● WORK INSTRUCTIONS
Return the listing below exactly. Leave its pictures out.

● RECORDS SHOWN
◆ ◆ ◆ ◆ ◆ ◆ ◆

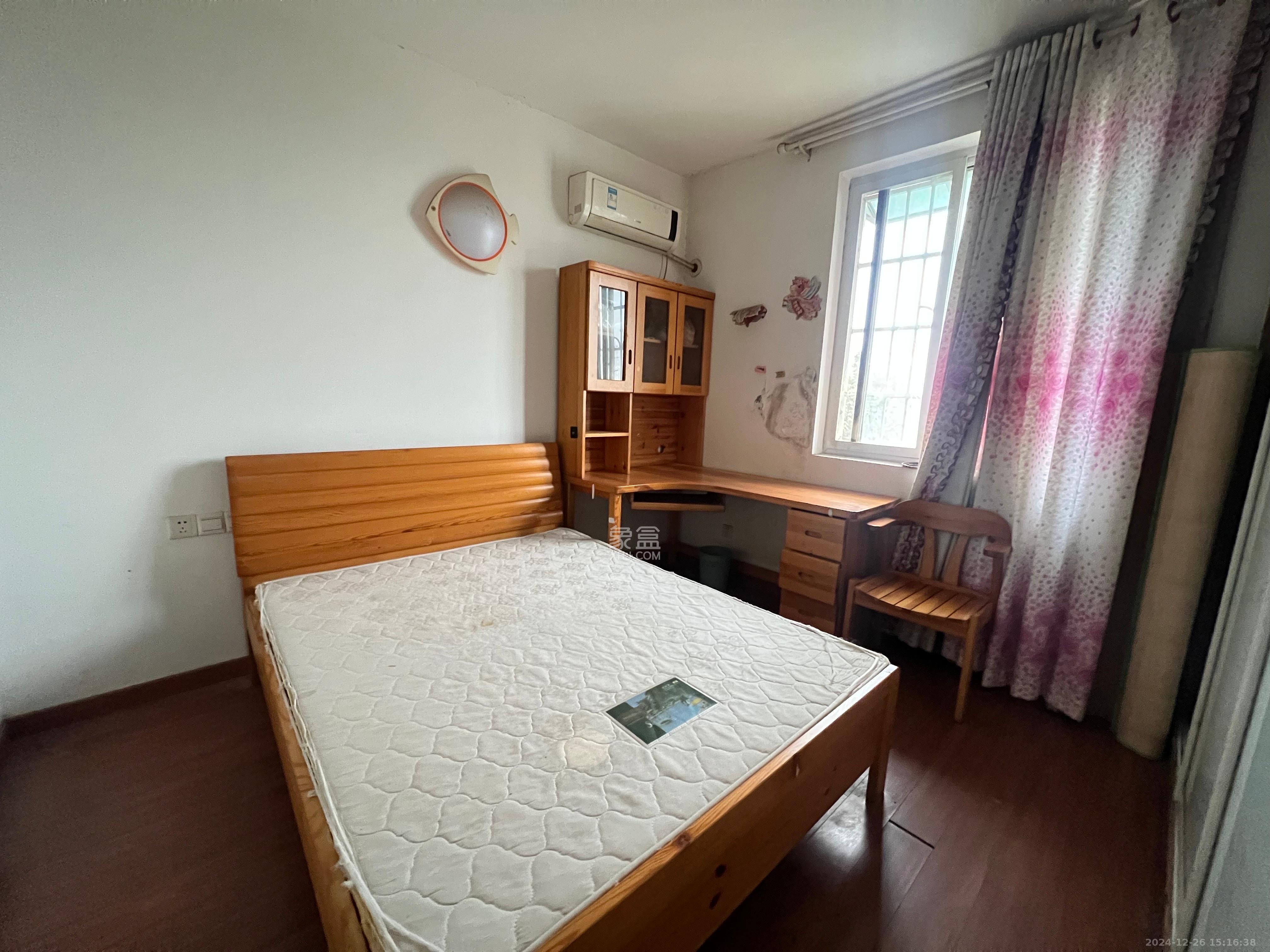 好家园  4室2厅1卫   2200.00元/月室内图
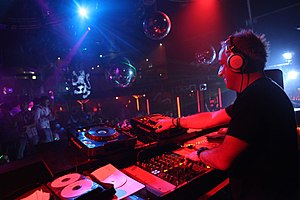 Mike Koglin at Gatecrasher 2009.jpg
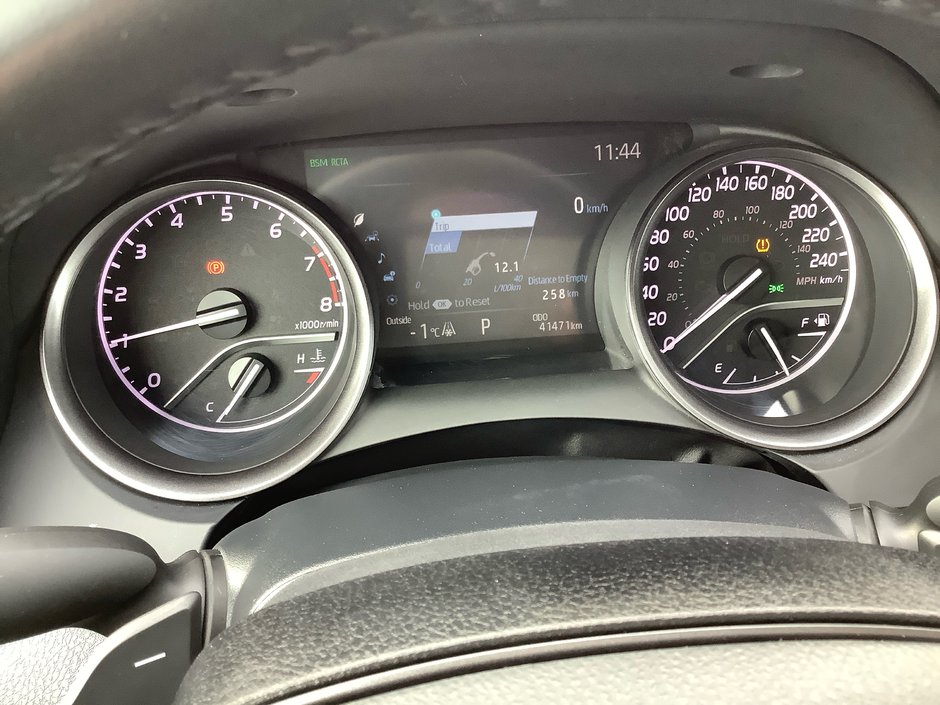 2023 Toyota CAMRY SE-19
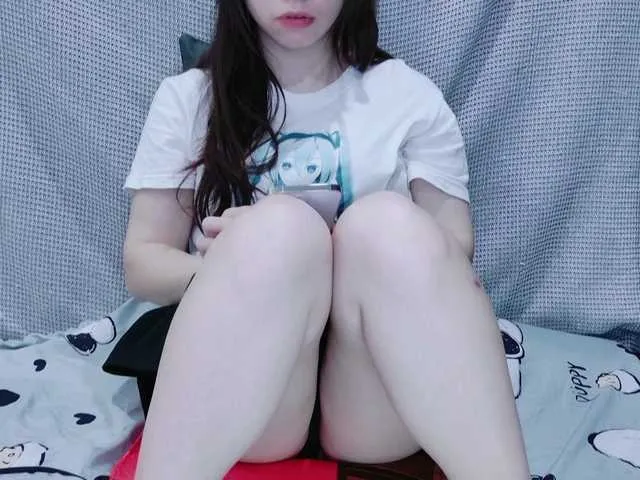 Live sex webcam photo for kiki-001 #291644850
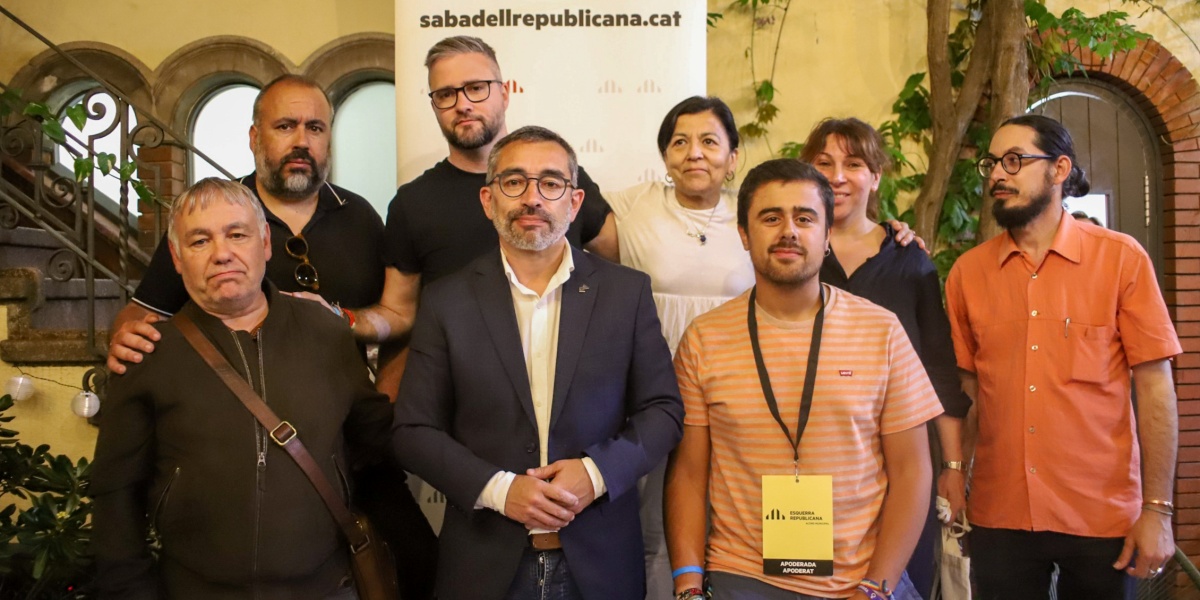 Foto portada: part de la candidatura d'ERC, a la Casa Taulé, després de saber els resultats. Autora: Alba Garcia.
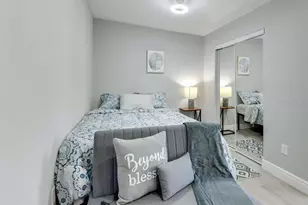 8734 Osage Dr, Tampa, FL 33634 - Photo 6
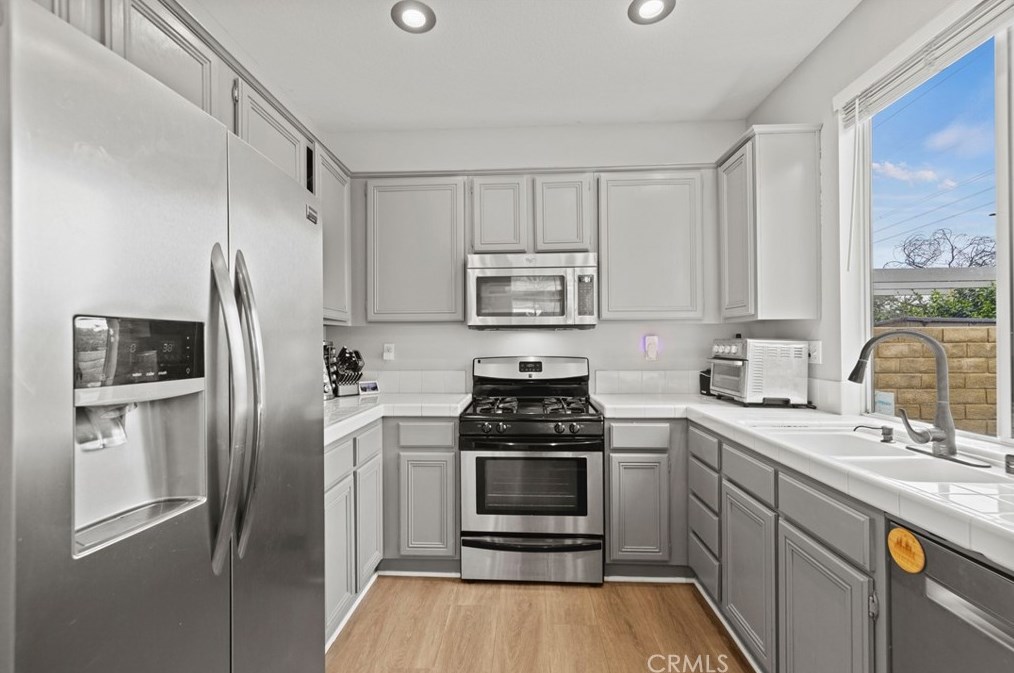 28482 Mayfair Dr, Santa Clarita CA  91354-1519 exterior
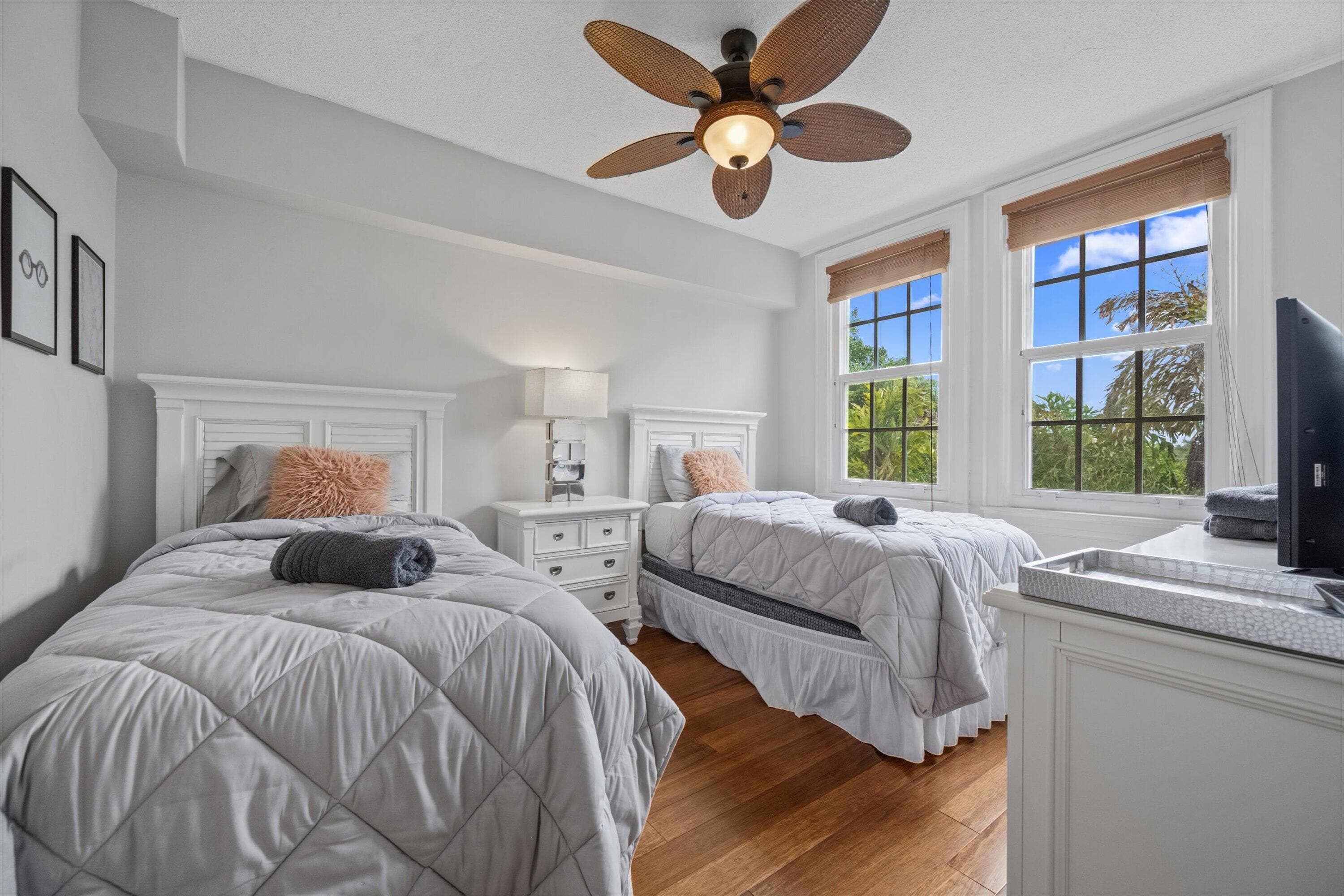 235 Sunrise Avenue 3232, Palm Beach, FL 33480 — photo 17 of 23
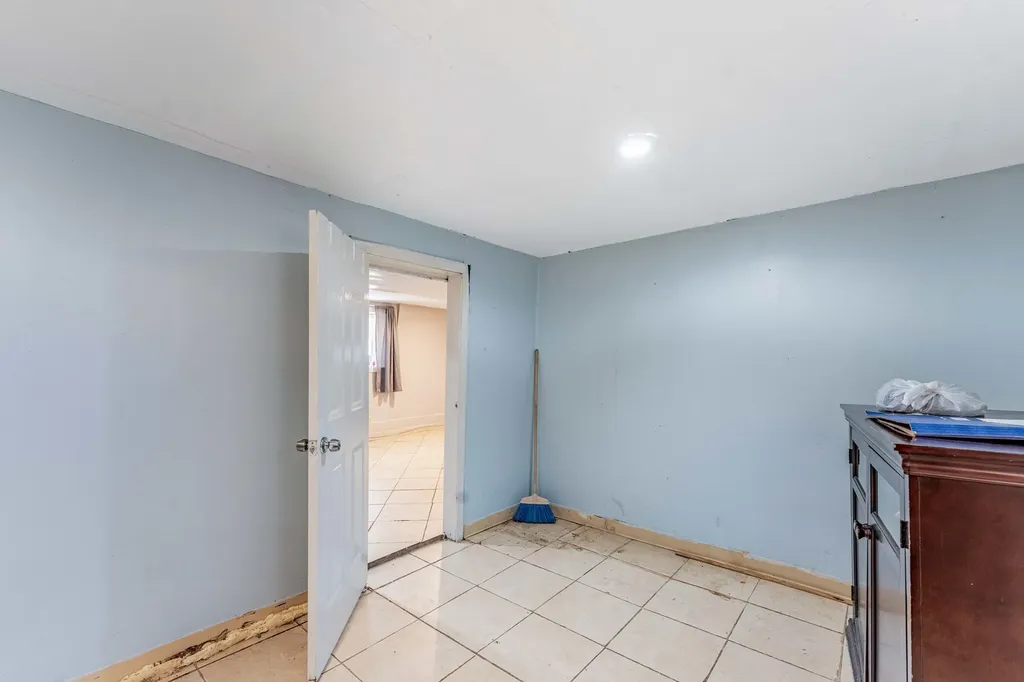 6023 South Talman Avenue Chicago IL 60629
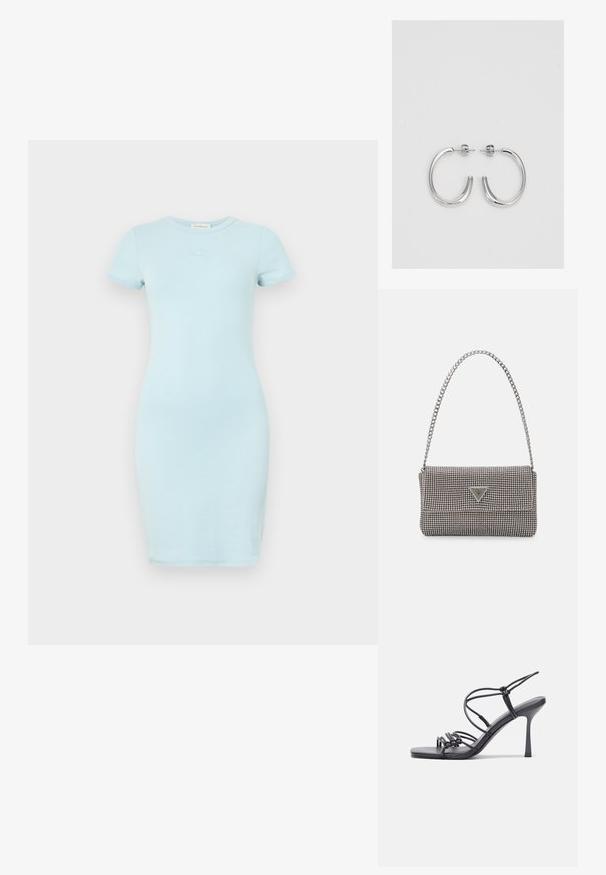 Gaiši zila pieguļoša kleita, kas izgatavota no mīksta materiāla, ar īsām piedurknēm un apaļu kakla izgriezumu. Mazs izšūts logo uz krūtīm. Gluda tekstūra.; Melnas augstpapēžu sandales ar plāniem siksniņām un mezgla dizainu, gluda kvadrātveida purngalu un elegantu stiletto papēdi.; Gaiši pelēka metāla rokassoma ar ķēdes siksnu, rotāta ar mazām apaļām metāla kniedēm un trīsstūra zīmola logo.; Sudraba stīpas auskari ar gludu, spīdīgu virsmu, izceļas ar izliektaveida formu un aizdari ar tapu. Minimālistisks dizains ar mūsdienīgu apdari.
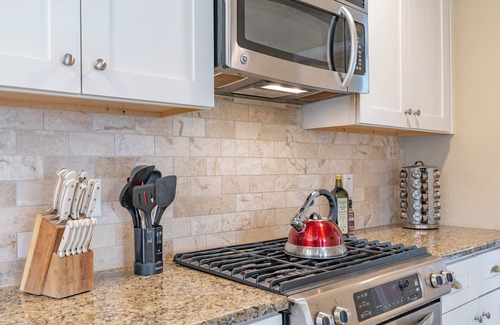 Northeast Carrollton House | Lovely and Pet-Friendly 4/3 in Carrollton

◆ ◆ ◆ ◆ ◆ ◆ ◆

● RESULT
 好家园  4室2厅1卫   2200.00元/月室内图
 Mike Koglin at Gatecrasher 2009.jpg
 2023 Toyota CAMRY SE-19
 Live sex webcam photo for kiki-001 #291644850
 Foto portada: part de la candidatura d'ERC, a la Casa Taulé, després de saber els resultats. Autora: Alba Garcia.
 8734 Osage Dr, Tampa, FL 33634 - Photo 6
 28482 Mayfair Dr, Santa Clarita CA  91354-1519 exterior
 235 Sunrise Avenue 3232, Palm Beach, FL 33480 — photo 17 of 23
 6023 South Talman Avenue Chicago IL 60629
 Gaiši zila pieguļoša kleita, kas izgatavota no mīksta materiāla, ar īsām piedurknēm un apaļu kakla izgriezumu. Mazs izšūts logo uz krūtīm. Gluda tekstūra.; Melnas augstpapēžu sandales ar plāniem siksniņām un mezgla dizainu, gluda kvadrātveida purngalu un elegantu stiletto papēdi.; Gaiši pelēka metāla rokassoma ar ķēdes siksnu, rotāta ar mazām apaļām metāla kniedēm un trīsstūra zīmola logo.; Sudraba stīpas auskari ar gludu, spīdīgu virsmu, izceļas ar izliektaveida formu un aizdari ar tapu. Minimālistisks dizains ar mūsdienīgu apdari.
 Northeast Carrollton House | Lovely and Pet-Friendly 4/3 in Carrollton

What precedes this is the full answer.